> **EXERCISE INPUTS**:
......

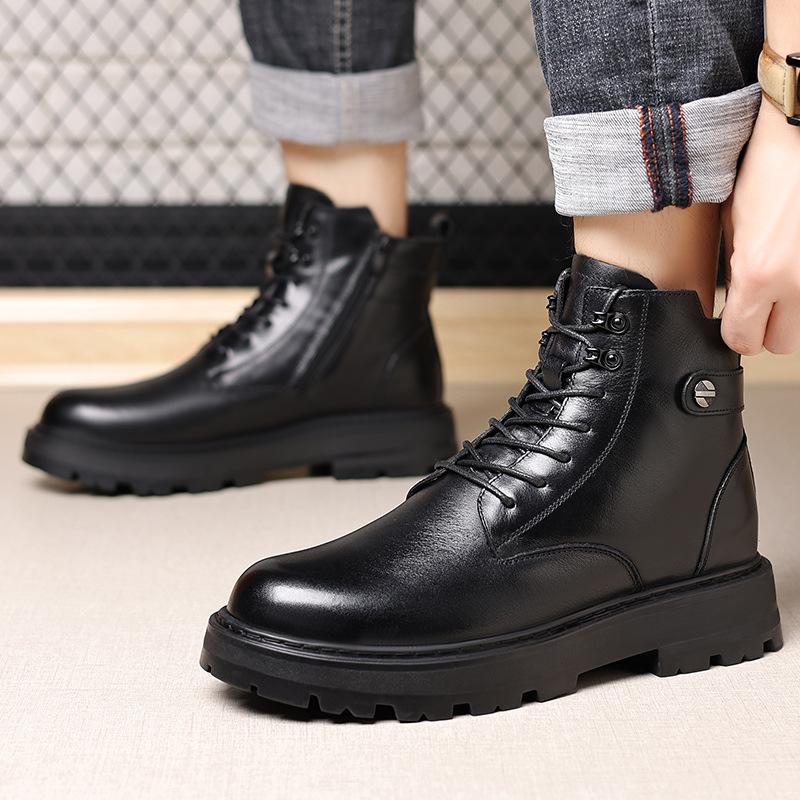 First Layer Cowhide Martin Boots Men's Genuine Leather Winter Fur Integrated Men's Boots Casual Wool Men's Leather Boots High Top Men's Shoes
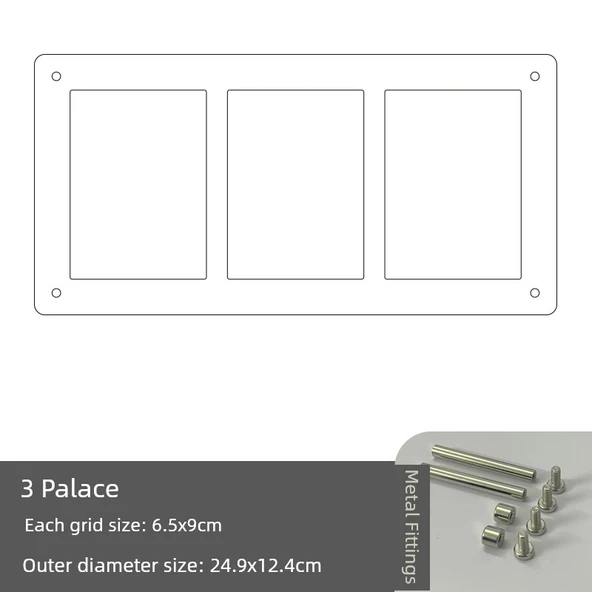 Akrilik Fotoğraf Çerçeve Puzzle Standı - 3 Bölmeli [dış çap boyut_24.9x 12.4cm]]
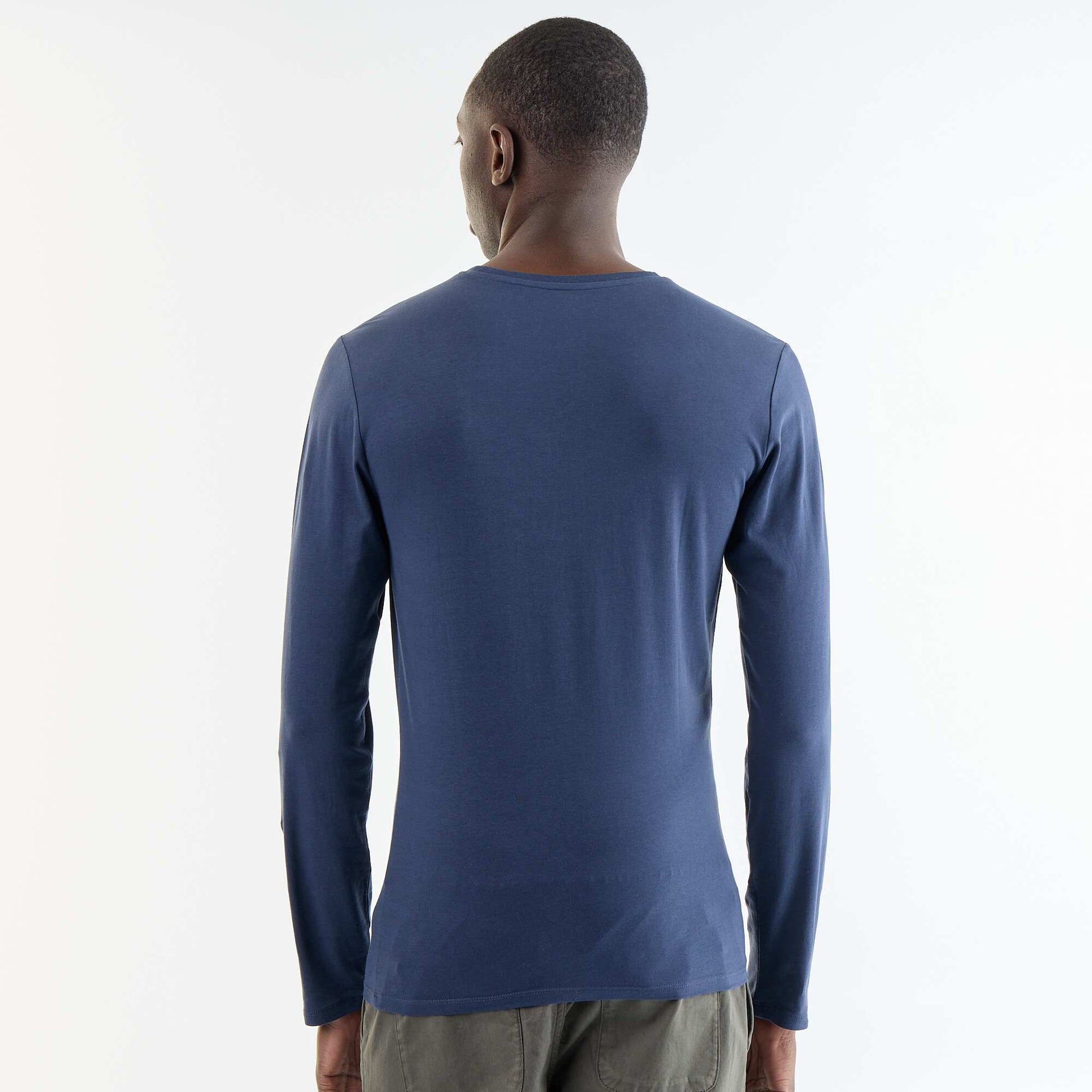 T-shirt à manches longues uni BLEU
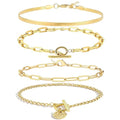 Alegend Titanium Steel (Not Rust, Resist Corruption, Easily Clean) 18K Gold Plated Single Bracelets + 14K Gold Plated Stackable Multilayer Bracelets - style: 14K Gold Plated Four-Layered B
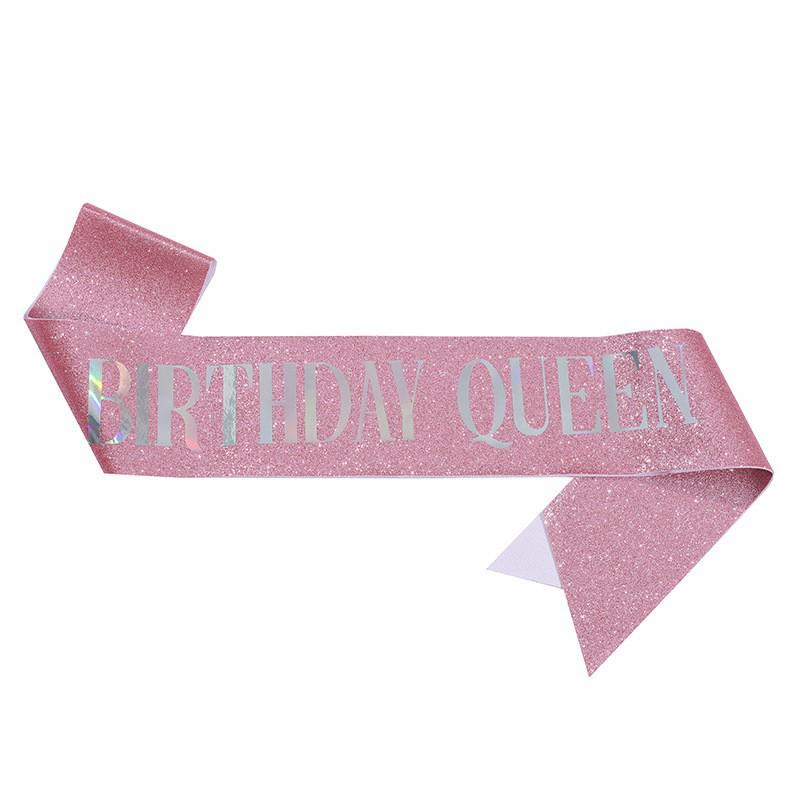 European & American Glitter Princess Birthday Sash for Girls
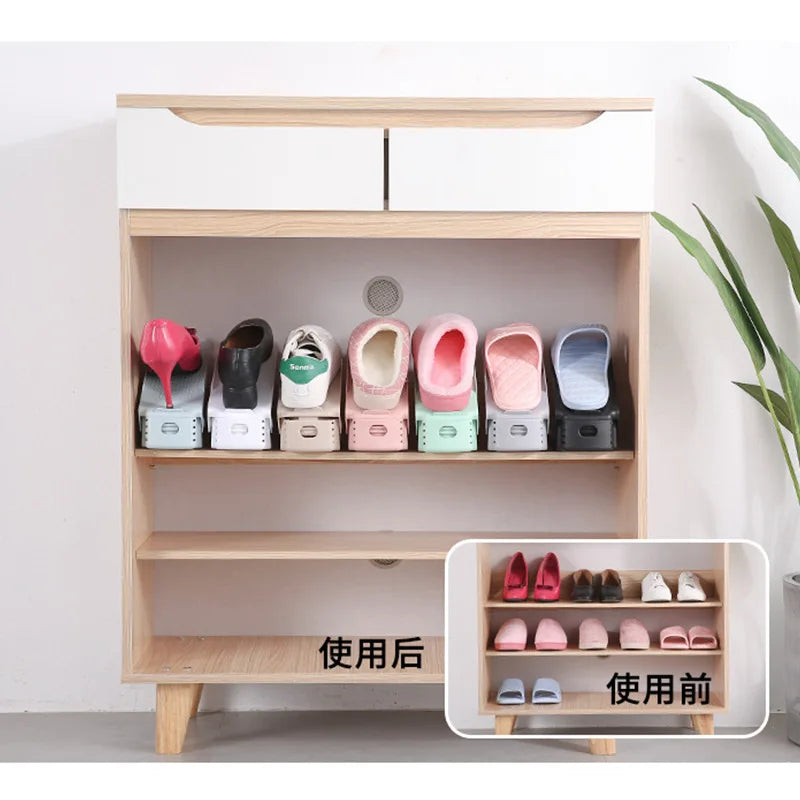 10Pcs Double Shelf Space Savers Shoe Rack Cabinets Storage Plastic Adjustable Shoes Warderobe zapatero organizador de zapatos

......

> **WHAT IS BEING ASKED**: The answer must be an exact copy of the lines from the one with "European & American" through the final line above, both ends included, and nothing else; pictures stay out.

> **TASK ANSWER**:
 European & American Glitter Princess Birthday Sash for Girls
 10Pcs Double Shelf Space Savers Shoe Rack Cabinets Storage Plastic Adjustable Shoes Warderobe zapatero organizador de zapatos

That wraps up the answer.